--- Task prompt ---
Keep to one stretch of the data below, the lines from the one with "K32-23 Bronz Lületaşı Kolye Küpe Set" up to and including the one with "Men’s summer running", and return that stretch exactly.

--- Source information ---
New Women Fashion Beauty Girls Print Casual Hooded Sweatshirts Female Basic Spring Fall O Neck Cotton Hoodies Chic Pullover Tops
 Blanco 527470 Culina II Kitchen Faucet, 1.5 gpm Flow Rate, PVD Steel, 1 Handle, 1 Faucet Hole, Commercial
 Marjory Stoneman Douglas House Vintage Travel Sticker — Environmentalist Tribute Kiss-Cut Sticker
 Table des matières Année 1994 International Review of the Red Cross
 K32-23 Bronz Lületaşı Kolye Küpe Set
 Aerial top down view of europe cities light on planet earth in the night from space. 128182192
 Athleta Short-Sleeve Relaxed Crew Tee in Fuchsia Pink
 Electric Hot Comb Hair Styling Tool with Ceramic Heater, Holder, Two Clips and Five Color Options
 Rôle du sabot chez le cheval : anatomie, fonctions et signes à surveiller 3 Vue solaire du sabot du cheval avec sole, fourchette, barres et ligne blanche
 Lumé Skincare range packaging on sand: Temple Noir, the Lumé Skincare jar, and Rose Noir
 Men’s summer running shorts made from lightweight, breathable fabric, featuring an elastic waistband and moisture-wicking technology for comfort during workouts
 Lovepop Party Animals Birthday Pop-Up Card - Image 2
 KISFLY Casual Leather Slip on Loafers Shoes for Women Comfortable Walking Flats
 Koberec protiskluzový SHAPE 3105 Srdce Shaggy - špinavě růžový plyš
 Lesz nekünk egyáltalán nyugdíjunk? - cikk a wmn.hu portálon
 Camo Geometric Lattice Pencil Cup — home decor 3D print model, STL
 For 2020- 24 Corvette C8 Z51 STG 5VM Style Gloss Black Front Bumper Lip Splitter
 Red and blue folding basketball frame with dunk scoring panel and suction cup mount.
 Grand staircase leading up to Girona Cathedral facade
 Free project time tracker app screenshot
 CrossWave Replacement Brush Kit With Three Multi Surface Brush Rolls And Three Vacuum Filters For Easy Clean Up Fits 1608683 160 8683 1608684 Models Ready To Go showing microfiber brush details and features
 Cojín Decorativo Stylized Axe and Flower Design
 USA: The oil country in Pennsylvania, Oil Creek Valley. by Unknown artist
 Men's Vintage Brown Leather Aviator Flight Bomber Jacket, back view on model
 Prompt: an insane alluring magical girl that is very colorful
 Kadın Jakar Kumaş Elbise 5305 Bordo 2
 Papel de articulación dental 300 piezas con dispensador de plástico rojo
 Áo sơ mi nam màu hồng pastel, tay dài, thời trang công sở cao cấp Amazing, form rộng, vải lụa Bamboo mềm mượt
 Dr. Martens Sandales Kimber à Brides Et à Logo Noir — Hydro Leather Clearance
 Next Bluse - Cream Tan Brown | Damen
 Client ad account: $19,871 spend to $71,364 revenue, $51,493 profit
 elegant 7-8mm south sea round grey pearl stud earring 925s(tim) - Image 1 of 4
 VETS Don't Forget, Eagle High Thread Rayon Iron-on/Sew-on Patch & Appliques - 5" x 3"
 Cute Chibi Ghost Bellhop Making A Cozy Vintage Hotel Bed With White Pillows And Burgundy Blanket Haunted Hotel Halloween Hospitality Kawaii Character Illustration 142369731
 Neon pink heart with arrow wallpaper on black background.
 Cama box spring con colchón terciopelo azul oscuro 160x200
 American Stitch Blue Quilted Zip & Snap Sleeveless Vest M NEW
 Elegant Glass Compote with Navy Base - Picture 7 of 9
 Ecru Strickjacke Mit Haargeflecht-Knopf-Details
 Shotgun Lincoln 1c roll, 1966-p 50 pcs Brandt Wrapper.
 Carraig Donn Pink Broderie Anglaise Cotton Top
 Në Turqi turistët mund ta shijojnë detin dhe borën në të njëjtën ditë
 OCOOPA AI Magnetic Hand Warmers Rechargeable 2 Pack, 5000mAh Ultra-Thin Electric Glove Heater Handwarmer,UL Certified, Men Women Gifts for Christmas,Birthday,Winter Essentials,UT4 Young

--- Written solution ---
 K32-23 Bronz Lületaşı Kolye Küpe Set
 Aerial top down view of europe cities light on planet earth in the night from space. 128182192
 Athleta Short-Sleeve Relaxed Crew Tee in Fuchsia Pink
 Electric Hot Comb Hair Styling Tool with Ceramic Heater, Holder, Two Clips and Five Color Options
 Rôle du sabot chez le cheval : anatomie, fonctions et signes à surveiller 3 Vue solaire du sabot du cheval avec sole, fourchette, barres et ligne blanche
 Lumé Skincare range packaging on sand: Temple Noir, the Lumé Skincare jar, and Rose Noir
 Men’s summer running shorts made from lightweight, breathable fabric, featuring an elastic waistband and moisture-wicking technology for comfort during workouts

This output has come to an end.